El país entero debería sentirse orgulloso por tener cuatro lenguas en su piel de toro -cinco si se acepta el bable-, y debería mimarlas como el mayor de los tesoros culturales que tiene en el seno de su sociedad. Nada hay tan valioso como ese patrimonio.
Es una tragedia para un país que un signo de pluralidad tan potente como la existencia de cuatro leguas diferentes haya servido tan poco para respetarnos y, por el contrario, utilizarla como causa de enfrentamientos sangrientos.
Que sigan existiendo políticos que pretenden convertir las lenguas de su país en materia inflamable, es decir, en instrumento político para dinamitar la personalidad de tales comunidades, refleja una indecencia moral sobresaliente. Háganlo mediante los procedimientos políticos habituales al uso, pero dejen las lenguas en paz.
Los políticos han creado una situación tan asfixiante con relación a la diversidad lingüística de este país que, mientras esto no cambie, es decir, mientras todos y cada uno de nosotros no nos sintamos orgullosos de tener en nuestro país semejante patrimonio lingüístico, habrá partidos, en este caso como el PP, que utilizarán el artículo 155 de la Constitución como instrumento lingüístico para limitar la expansión y asentamiento de una lengua, en este caso, la catalana.

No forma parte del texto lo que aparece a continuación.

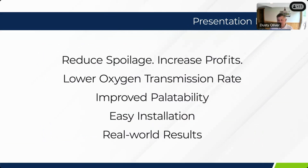FeedFresh reduces spoilage and increases profits through reducing spoilage and dry matter loss, increasing nutrient value, and reducing mold and yeast counts to reduce heating at the time of feed out — all by lowering the oxygen transmission rate in the material itself. Because we provide the most ideal fermentation environment, you'll have a pleasant feed with very nice palatability. The configurations and custom sizes we provide allow easy installation for the customer, delivering the whole package of real-world results.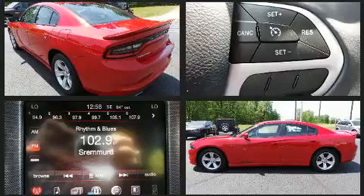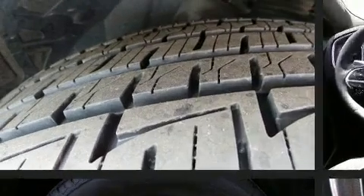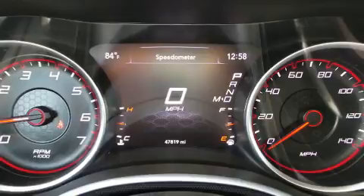Dodge also prioritized safety and security with features such as dual front impact airbags with occupant sensing airbag, head curtain airbags, traction control, brake assist, anti-whiplash front head restraint, ignition disabling, and four-wheel disc brakes with ABS.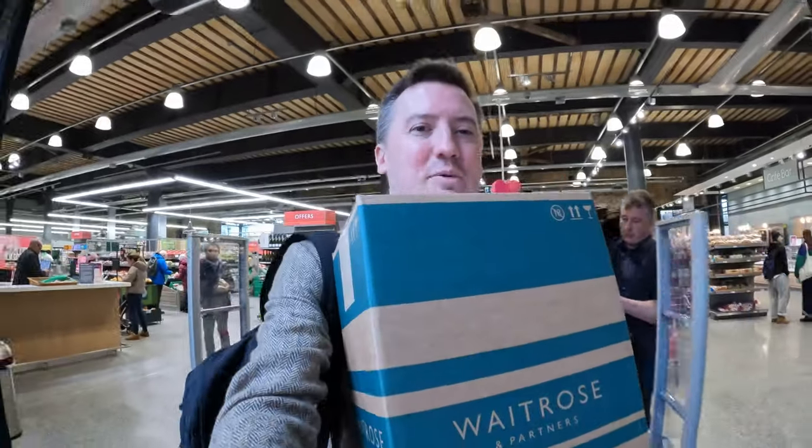I've got my click and collect box. Just to get up to speed — this is some wine I bought from Waitrose Cellar click and collect. You can just go down to a supermarket to pick it up, which is very time efficient.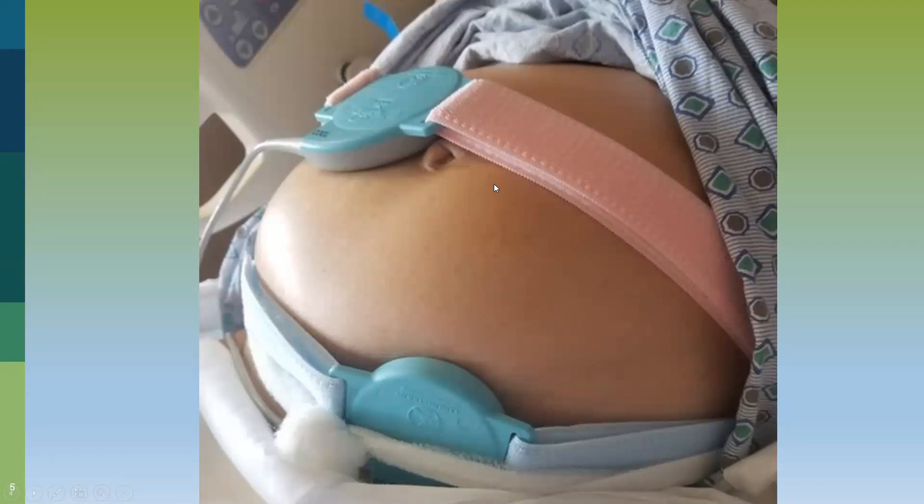This is an example of the types of straps we can use. The top monitor rests on the top of the uterus — what we call the fundus — to pick up movement. This tells us how often contractions are happening and how long they last, but not how strong they are. The lower monitor is our ultrasound, where we place ultrasonic gel to pick up fetal heart tones. The cord can be twisted or bent just enough to catch the heart rate. Various belly bands and straps are available on the market — that will depend on your facility.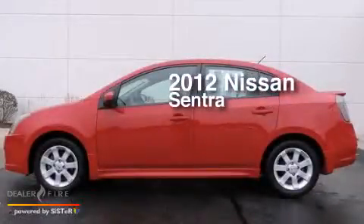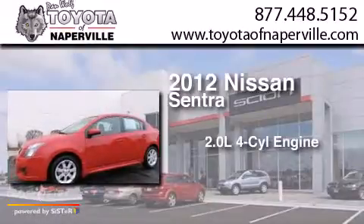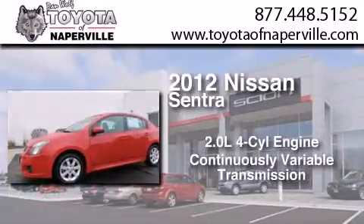This is a 2012 Nissan Sentra. It has a 2.0-liter four-cylinder engine and a continuous variable transmission.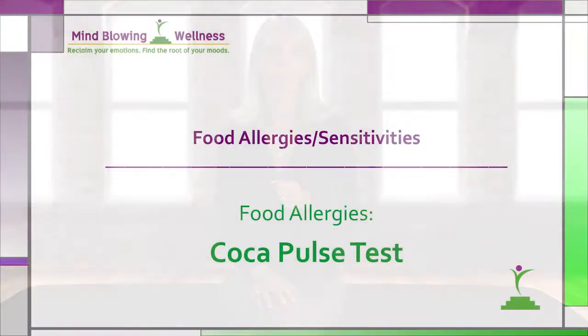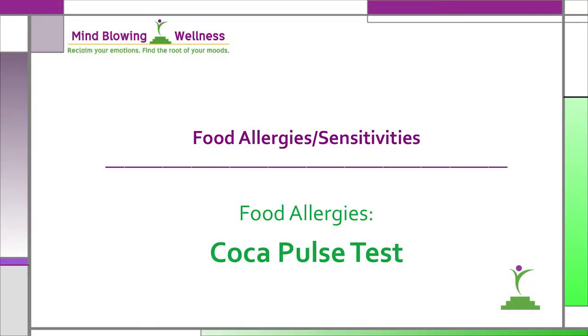Hi, this is Jo Lee Tripp, founder of Mind Blowing Wellness. In this video, I'll demonstrate the functional evaluation point that assesses the immune system. The COCA pulse test is a test you can do very simply to determine sensitivities and allergies to food anywhere.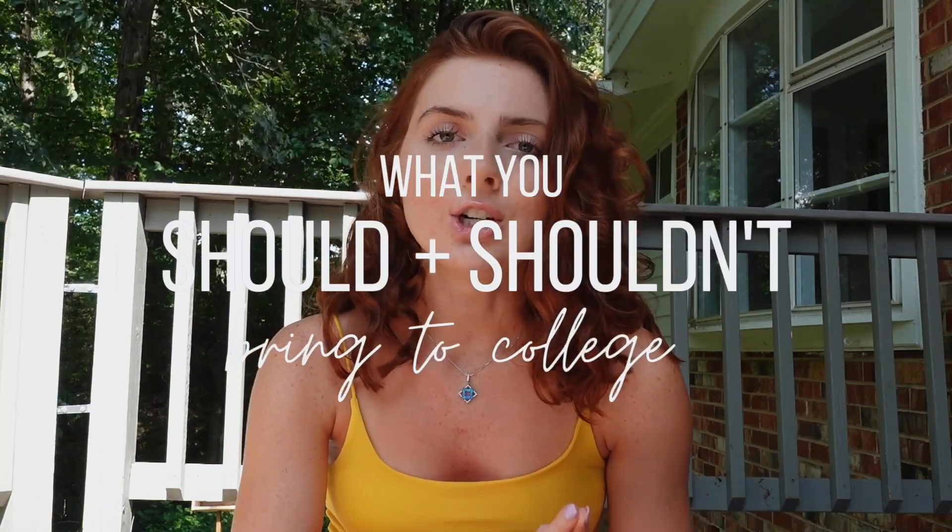This past year, I kind of took you guys along as I went through not only my first year, but preparing for my first year. I vlogged shopping for my dorm, I vlogged moving into my dorm. But now that I've completed my first year and I'm looking back on it, I definitely have a lot more wisdom on everything. I have a better idea of what you should and shouldn't bring to college.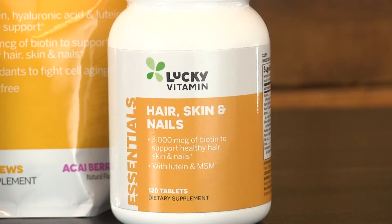Lucky Vitamin has two hair, skin, and nail formulas. One is a capsule form, and one is a beauty chew. This chew not only has Biotin, it actually contains collagen too.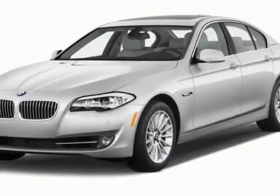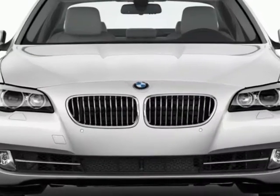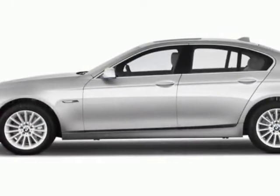Check out this new 2013 BMW 5-Series. This 5-Series boasts a 3.0-liter engine and has an unspecified transmission.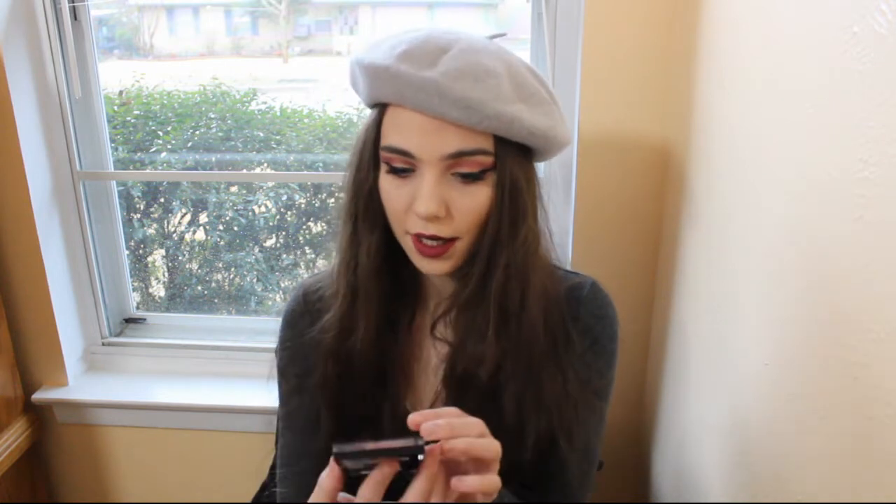I actually found this new Rosé in the Air Color Icon 10-pan palette. These palettes have been around for a while — not necessarily the 10-pan ones, but they've had trios that I used to get and those are a pretty good formula. I noticed that the coloring looks really similar to a palette I already own and paid basically thrice as much for: the Modern Renaissance palette by Anastasia Beverly Hills.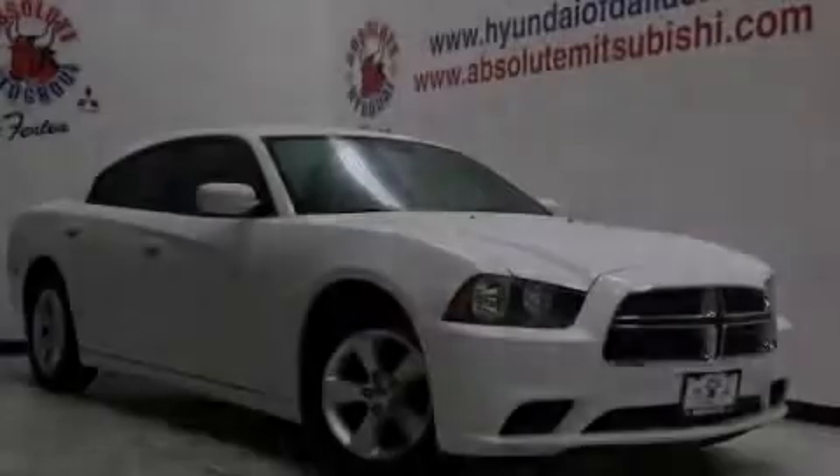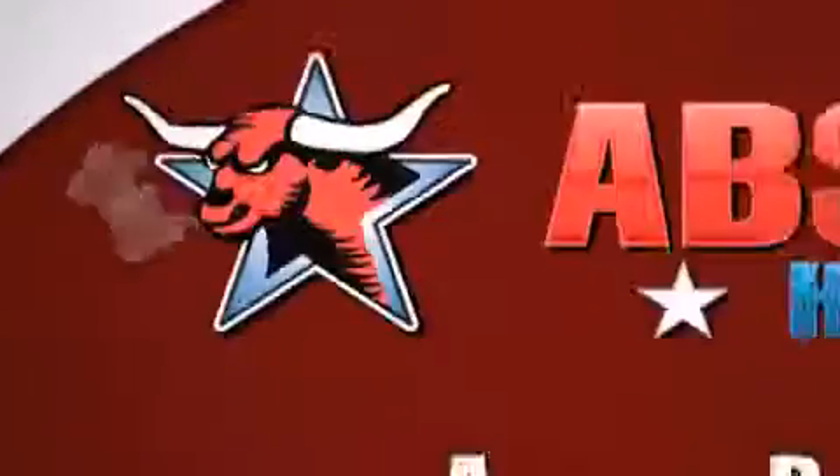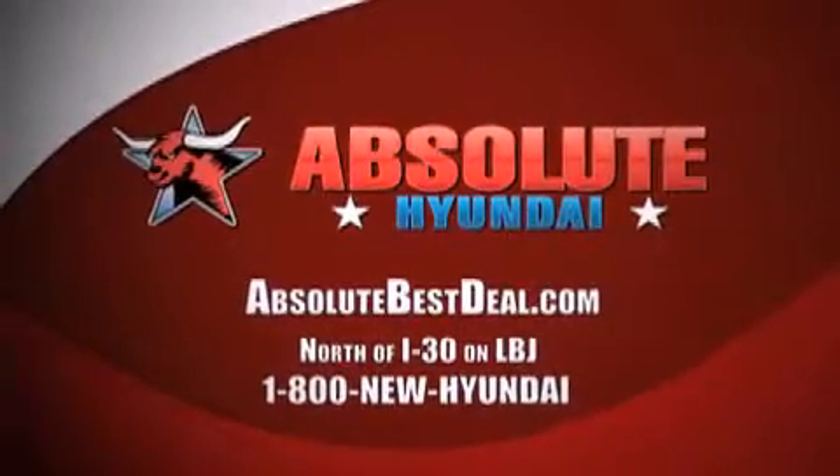Contact us today to arrange your test drive. All new Hyundais come with America's best 10-year, 100,000 mile warranty. Absolute Hyundai, north of I-30 on LBJ in Mesquite.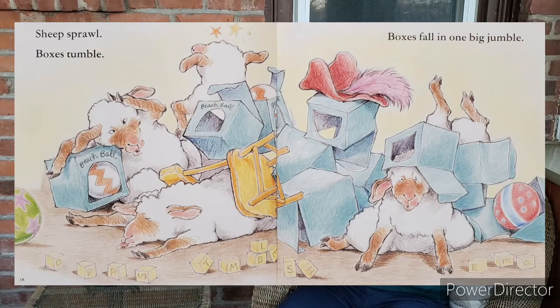Sheep sprawl. Boxes tumble. Boxes fall in one big jumble. Oh boy, they made quite a mess.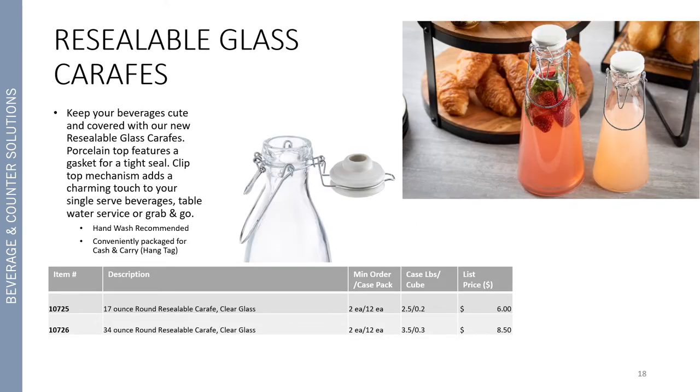Individually portioned serving utensils for food or beverage are vitally important right now, so we included our new resealable glass carafes. These allow you to keep your beverages cute and covered with their porcelain top with a gasket for a tight seal. The clip top mechanism adds a nice charming touch to your single serve beverages, table water service, or even for grab-and-go. Because of the top mechanism, they are hand wash recommended and conveniently packaged for cash and carry with a nice display hang tag.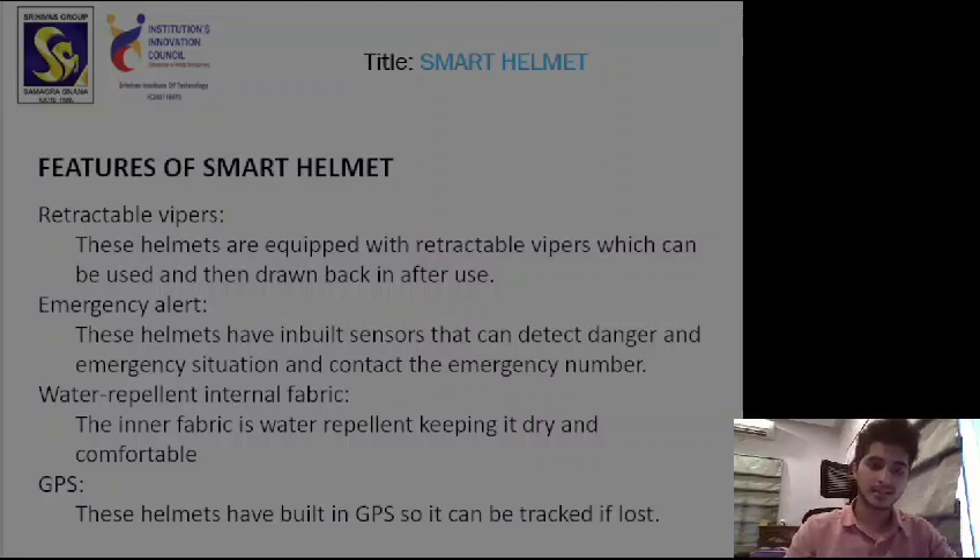The next useful feature is water repellent internal fabric. The inner fabric used in the helmet is water repellent, which keeps it dry and comfortable. For example, if it's raining and you place your helmet upside down accidentally, the inner fabric comes in contact with water but won't absorb it, keeping it dry and comfortable to wear.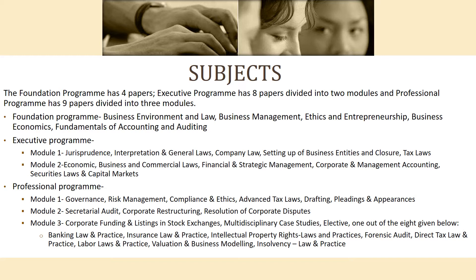The third paper in Module 3 is an elective. The elective options are: Banking Law and Practice; Insurance Law and Practice; Intellectual Property Rights, Laws and Practices; Forensic Audit; Direct Tax Law and Practice; Labour Laws and Practice; Valuation and Business Modeling; and Insolvency Law and Practice.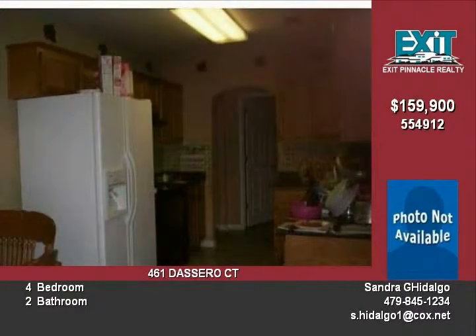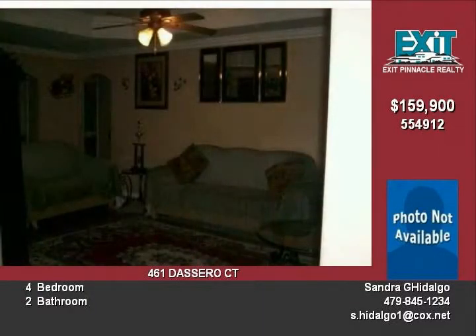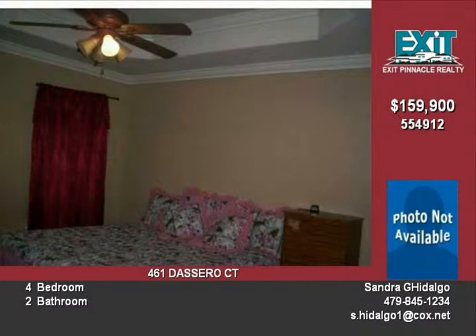There is plenty of room in this home for everyone with a large living room and bedrooms, plus there is a large yard and a back patio. This home is in the Bentonville School District and in the Siena subdivision.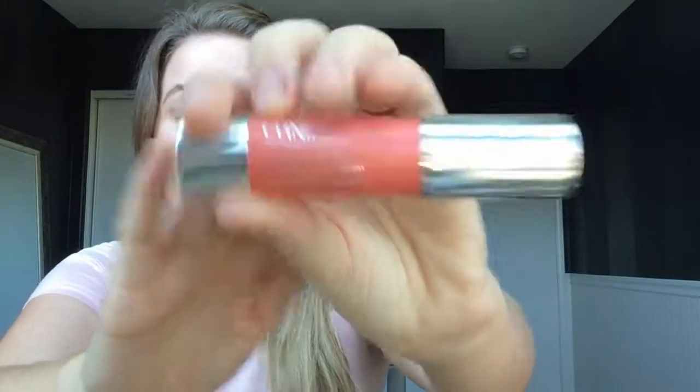Next I have a Clinique Chubby Stick. I really like this product. You can use it on your eyes for eyeshadow, you can use it on your cheeks for blush, or you can use it on your lips if you need something really quick. This is in the shade Robust Rhubarb — it's just a really nice pinky color, so flattering, so girly, and I just love it.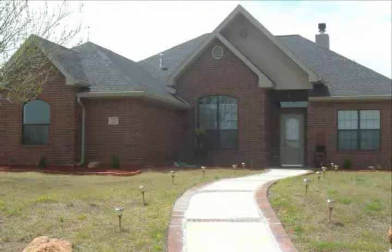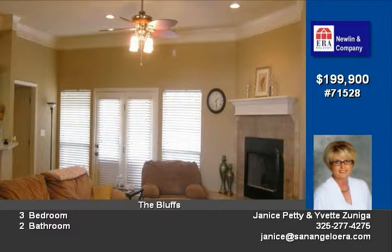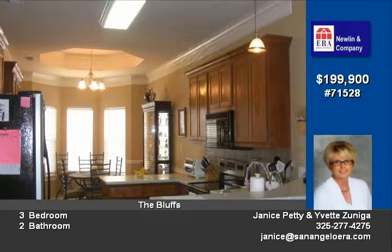Absolutely one of the best-priced homes in area bluffs, called a cul-de-sac. Open floor plan with split bedroom arrangements, beautiful ceiling treatments, solid surface countertop, wood-burning corner fireplace with gas log, walnut finished cabinets, all appliances stay in kitchen, huge master suite.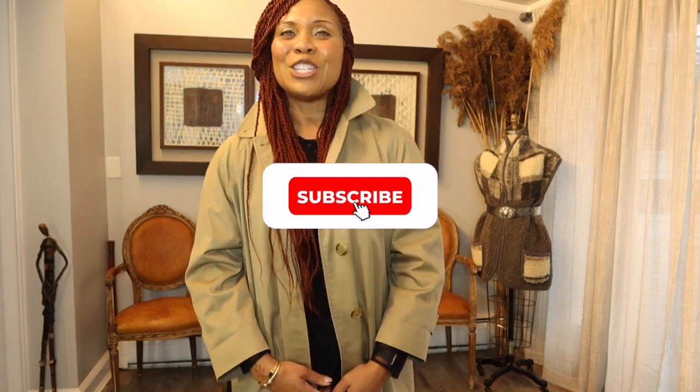So guys, if you enjoyed this video, click like, share, subscribe. I am so thankful for you guys joining my community. I enjoy your comments — thank you so much, and I'll see you guys soon. Bye!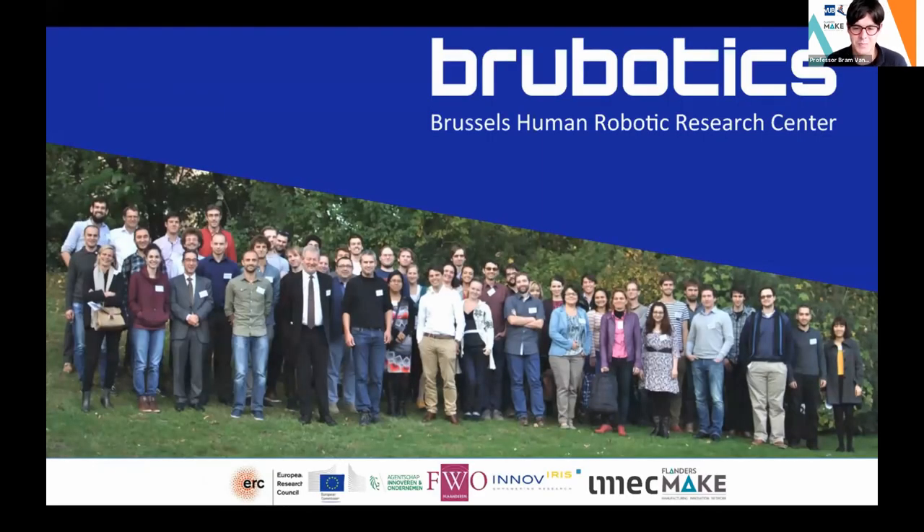That concludes my presentation, thank you. Unfortunately there is no time for live questions, but folks can type questions in the Q&A and I will answer there. Panelists are also invited to type their questions in the Q&A.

Lo más ridículo de esta anécdota es la incómoda paradoja con la que actúan quienes dicen profesar tanto amor a la lengua castellana, pues, cuando tienen la posibilidad de utilizarla como reclamo publicitario, se olvidan de ella y, en lugar de usar una expresión española, utilizan una fórmula bárbara para hacerlo.
Seguro que, si el reclamo publicitario hubiese estado escrito en euskera, gallego o catalán, se habrían rebotado contra él con la misma baba sintagmática con la que acostumbran a borrar del espacio público cualquier palabra que no sea castellana.
Ni siquiera el chiringuito de Cantó que la derecha le montó en defensa del castellano ha dicho una sola palabra al respecto. ¿Cómo es posible que el tunante de Cantó no haya aprovechado siquiera esta situación para afianzarse ante sus superiores haciendo una defensa numantina del castellano y en lugar de ese tenebroso Black Friday haber propuesto una expresión castellana? ¿Acaso no lo haya en castellano? Cantó debería saberla.